What you have to do: Write out each line below precisely, passing over the pictures.
::: Supplied material
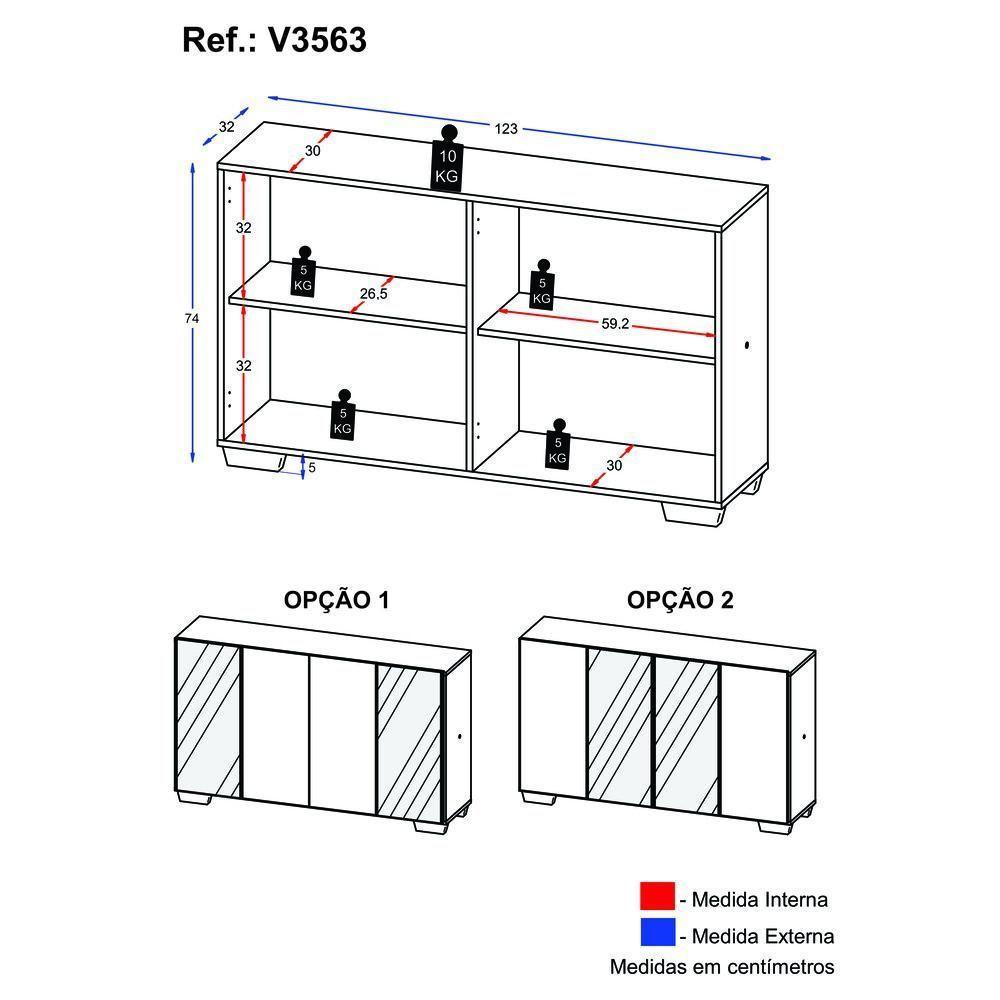 Aparador Buffet 4 Portas Com Espelho E Pés Quadrados Vegas V3563 Preto Preto - 5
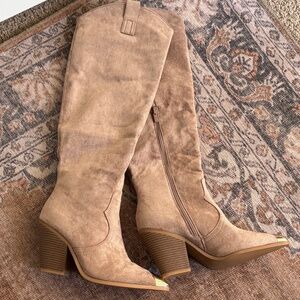 Faux Suede Tan Nude Cowboy Cowgirl Boots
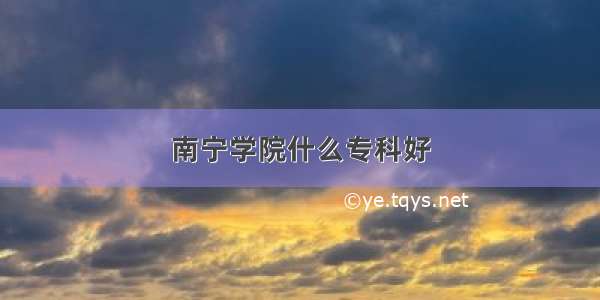 南宁学院什么专科好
::::::
Task result:
 Aparador Buffet 4 Portas Com Espelho E Pés Quadrados Vegas V3563 Preto Preto - 5
 Faux Suede Tan Nude Cowboy Cowgirl Boots
 南宁学院什么专科好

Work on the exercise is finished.